I think you actually want:
	!list_entry_is_head(__iter, head, member) ? (((pos)=__iter),1) : (((pos) = NULL),0);

Which can be done in the original by:
	!list_entry_is_head(pos, head, member) ? 1 : (((pos) = NULL), 0);

Although it would be safer to have (without looking up the actual name):
	for (item *__item = head; \
		__item ? (((pos) = list_item(__item, member)), 1) : (((pos) = NULL), 0);
		__item = (pos)->member)

The local does need 'fixing' to avoid shadowing for nested loops.

	David

-
Registered Address Lakeside, Bramley Road, Mount Farm, Milton Keynes, MK1 1PT, UK
Registration No: 1397386 (Wales)
David Laight March 1, 2022, 3:03 a.m. UTC | #31
From: Matthew Wilcox
> Sent: 28 February 2022 20:16
> 
> On Mon, Feb 28, 2022 at 12:10:24PM -0800, Linus Torvalds wrote:
> > We can do
> >
> >         typeof(pos) pos
> >
> > in the 'for ()' loop, and never use __iter at all.
> >
> > That means that inside the for-loop, we use a _different_ 'pos' than outside.
> 
> Then we can never use -Wshadow ;-(  I'd love to be able to turn it on;
> it catches real bugs.
> 
> > +#define list_for_each_entry(pos, head, member)					\
> > +	for (typeof(pos) pos = list_first_entry(head, typeof(*pos), member);	\
> > +	     !list_entry_is_head(pos, head, member);	\
> >  	     pos = list_next_entry(pos, member))

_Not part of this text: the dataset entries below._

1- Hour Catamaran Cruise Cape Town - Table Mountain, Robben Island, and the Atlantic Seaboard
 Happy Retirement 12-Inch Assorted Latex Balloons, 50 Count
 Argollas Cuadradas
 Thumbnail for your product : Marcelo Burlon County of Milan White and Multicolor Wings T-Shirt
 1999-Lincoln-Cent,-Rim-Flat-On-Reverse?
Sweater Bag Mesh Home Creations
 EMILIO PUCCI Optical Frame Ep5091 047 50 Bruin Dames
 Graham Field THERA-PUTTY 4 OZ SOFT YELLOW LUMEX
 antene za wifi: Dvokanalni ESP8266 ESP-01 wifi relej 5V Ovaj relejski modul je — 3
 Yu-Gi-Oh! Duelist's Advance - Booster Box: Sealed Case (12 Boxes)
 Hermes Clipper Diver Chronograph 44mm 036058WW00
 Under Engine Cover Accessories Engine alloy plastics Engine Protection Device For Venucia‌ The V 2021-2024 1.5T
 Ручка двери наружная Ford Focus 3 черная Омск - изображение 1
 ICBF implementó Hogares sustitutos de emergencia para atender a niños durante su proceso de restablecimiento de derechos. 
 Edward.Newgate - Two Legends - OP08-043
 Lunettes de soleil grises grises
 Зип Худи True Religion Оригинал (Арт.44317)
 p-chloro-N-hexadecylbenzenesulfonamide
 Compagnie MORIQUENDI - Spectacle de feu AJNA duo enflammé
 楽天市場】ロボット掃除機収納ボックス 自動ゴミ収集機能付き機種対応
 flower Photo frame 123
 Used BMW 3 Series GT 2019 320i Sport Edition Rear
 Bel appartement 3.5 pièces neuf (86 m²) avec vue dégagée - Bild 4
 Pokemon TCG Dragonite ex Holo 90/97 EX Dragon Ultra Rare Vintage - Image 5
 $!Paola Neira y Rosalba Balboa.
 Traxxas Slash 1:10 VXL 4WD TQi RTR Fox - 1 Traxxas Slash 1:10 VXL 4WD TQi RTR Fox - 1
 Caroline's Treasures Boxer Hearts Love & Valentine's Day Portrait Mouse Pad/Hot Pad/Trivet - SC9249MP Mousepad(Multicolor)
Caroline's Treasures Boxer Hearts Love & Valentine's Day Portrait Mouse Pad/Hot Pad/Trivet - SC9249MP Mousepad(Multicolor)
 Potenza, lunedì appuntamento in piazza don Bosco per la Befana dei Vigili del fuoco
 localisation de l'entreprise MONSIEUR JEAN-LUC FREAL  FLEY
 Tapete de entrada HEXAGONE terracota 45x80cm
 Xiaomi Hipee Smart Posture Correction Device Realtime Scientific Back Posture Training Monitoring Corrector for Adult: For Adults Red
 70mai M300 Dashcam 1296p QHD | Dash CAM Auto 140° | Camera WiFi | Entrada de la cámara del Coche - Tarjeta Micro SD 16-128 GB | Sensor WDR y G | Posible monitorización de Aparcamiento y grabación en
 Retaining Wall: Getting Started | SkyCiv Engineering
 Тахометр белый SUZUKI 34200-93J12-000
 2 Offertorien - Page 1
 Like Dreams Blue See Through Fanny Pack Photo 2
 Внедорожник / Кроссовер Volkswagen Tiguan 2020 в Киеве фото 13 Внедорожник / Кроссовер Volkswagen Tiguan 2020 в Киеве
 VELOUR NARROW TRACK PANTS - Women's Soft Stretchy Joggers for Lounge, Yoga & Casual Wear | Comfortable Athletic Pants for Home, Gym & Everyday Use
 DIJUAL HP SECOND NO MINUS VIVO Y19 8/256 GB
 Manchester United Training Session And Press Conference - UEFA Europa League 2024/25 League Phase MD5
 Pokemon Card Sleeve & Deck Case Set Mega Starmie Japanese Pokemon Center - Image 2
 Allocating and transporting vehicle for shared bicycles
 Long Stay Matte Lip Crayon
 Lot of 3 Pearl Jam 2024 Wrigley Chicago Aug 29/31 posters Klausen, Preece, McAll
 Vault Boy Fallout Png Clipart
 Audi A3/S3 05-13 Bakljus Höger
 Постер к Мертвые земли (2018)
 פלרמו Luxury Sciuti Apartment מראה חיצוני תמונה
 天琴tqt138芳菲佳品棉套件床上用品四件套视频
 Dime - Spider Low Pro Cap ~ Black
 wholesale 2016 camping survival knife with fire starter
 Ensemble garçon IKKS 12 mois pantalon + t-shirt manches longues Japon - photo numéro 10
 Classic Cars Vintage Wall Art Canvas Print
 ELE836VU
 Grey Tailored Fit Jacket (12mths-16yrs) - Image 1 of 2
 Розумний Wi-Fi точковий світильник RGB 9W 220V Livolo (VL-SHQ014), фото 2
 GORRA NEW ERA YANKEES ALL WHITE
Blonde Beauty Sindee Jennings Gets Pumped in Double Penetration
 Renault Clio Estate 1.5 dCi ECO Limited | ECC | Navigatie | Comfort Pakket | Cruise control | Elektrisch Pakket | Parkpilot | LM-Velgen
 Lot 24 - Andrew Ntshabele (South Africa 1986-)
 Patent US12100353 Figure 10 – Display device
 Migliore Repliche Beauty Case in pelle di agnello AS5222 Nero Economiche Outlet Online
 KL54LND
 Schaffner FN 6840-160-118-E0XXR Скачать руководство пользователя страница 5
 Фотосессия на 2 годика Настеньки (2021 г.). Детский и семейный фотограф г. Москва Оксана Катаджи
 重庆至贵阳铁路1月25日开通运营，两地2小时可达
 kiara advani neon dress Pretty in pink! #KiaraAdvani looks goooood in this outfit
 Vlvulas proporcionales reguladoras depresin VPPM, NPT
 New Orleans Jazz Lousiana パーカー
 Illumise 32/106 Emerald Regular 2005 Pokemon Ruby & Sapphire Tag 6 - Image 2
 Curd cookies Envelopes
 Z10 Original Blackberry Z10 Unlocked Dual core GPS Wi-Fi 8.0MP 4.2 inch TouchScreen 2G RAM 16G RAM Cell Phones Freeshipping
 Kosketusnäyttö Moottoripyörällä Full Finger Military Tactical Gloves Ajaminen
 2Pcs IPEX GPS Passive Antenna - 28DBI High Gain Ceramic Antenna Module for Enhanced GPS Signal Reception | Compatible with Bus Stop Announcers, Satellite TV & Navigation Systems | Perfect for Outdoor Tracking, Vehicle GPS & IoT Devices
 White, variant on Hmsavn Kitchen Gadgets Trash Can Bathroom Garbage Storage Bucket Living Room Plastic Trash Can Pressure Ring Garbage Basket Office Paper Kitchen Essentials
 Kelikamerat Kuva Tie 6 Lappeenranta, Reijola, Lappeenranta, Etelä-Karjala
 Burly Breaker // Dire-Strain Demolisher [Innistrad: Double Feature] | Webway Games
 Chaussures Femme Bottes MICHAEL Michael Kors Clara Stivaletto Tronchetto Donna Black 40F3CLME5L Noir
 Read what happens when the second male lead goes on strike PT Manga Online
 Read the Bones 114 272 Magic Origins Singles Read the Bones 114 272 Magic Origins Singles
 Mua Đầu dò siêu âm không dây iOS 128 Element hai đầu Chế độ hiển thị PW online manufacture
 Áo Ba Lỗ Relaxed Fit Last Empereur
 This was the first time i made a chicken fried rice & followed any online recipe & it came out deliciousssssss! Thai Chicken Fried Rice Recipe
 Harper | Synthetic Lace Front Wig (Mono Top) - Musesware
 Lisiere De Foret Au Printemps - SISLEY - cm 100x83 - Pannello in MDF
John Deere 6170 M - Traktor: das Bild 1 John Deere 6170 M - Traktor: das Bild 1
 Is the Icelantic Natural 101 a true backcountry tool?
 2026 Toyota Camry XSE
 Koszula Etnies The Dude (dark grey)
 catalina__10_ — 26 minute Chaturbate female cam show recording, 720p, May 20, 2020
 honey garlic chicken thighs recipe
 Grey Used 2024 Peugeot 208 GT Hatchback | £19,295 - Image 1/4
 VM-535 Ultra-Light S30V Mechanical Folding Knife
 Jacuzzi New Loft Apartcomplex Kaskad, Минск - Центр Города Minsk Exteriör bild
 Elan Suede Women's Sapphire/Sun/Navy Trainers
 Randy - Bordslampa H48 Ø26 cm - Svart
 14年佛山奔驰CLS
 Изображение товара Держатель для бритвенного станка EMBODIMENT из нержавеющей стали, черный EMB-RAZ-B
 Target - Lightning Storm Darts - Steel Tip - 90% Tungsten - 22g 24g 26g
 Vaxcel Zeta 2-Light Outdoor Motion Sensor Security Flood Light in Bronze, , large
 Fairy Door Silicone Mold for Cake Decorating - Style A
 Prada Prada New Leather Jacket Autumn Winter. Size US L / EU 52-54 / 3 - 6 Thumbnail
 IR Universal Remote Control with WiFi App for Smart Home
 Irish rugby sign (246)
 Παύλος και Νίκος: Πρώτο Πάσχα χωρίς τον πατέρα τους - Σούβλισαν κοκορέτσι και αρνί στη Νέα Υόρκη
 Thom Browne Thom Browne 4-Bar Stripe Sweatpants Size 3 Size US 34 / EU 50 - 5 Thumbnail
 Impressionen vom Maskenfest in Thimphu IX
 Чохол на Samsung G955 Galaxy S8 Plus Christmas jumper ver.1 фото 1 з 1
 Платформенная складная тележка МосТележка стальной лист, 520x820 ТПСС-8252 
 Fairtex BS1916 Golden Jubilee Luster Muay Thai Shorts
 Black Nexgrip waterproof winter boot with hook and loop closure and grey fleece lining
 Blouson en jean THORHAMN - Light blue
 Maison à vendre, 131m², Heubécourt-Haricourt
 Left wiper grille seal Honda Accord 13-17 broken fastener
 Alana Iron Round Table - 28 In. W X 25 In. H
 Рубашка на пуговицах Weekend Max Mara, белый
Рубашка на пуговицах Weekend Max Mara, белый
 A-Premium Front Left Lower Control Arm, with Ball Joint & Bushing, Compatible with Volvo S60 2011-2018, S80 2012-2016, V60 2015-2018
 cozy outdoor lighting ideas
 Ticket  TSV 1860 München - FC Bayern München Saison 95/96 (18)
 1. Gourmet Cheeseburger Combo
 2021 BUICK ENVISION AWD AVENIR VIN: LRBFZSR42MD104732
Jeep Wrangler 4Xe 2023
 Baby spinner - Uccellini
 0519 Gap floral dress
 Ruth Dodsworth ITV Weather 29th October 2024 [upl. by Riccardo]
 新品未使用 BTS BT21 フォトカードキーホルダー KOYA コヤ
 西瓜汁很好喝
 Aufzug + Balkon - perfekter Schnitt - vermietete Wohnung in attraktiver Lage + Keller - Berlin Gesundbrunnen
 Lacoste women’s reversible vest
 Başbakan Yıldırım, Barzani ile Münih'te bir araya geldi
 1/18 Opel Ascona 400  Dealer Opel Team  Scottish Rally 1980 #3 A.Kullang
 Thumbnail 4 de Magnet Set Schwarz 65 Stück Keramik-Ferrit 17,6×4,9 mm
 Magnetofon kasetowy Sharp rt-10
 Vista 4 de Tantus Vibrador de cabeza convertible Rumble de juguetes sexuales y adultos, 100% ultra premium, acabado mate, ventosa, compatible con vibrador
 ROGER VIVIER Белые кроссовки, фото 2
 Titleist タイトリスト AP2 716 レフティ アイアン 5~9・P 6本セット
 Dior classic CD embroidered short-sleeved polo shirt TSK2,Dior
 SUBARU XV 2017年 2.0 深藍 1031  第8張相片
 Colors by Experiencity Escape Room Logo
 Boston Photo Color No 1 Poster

Actually can't you use 'pos' to temporarily hold the address of 'member'.
Something like:
	for (pos = (void *)head; \
		pos ? ((pos = (void *)pos - offsetof(member)), 1) : 0; \
		pos = (void *)pos->next)
So that 'pos' is NULL if the loop terminates.
No pointers outside structures are generated.
Probably need to kill list_entry_is_head() - or it just checks for NULL.

	David

-
Registered Address Lakeside, Bramley Road, Mount Farm, Milton Keynes, MK1 1PT, UK
Registration No: 1397386 (Wales)
Jakub Kicinski March 1, 2022, 6:32 a.m. UTC | #32
On Mon, 28 Feb 2022 16:41:04 -0800 Linus Torvalds wrote:
> So yes, initially my idea had been to just move the iterator entirely
> inside the macro. But specifying the type got so ugly that I think
> that
> 
>         typeof (pos) pos
> 
> trick inside the macro really ends up giving us the best of all worlds:
> 
>  (a) let's us keep the existing syntax and code for all the nice cases
> that did everything inside the loop anyway
> 
>  (b) gives us a nice warning for any normal use-after-loop case
> (unless you explicitly initialized it like that
> sgx_mmu_notifier_release() function did for no good reason
> 
>  (c) also guarantees that even if you don't get a warning,
> non-converted (or newly written) bad code won't actually _work_
> 
> so you end up getting the new rules without any ambiguity or mistaken

I presume the goal is that we can do this without changing existing
code? Otherwise actually moving the iterator into the loop body would
be an option, by creating a different hidden variable:

#define list_iter(head)						\
	for (struct list head *_l = (head)->next; _l != (head); _l = _l->next)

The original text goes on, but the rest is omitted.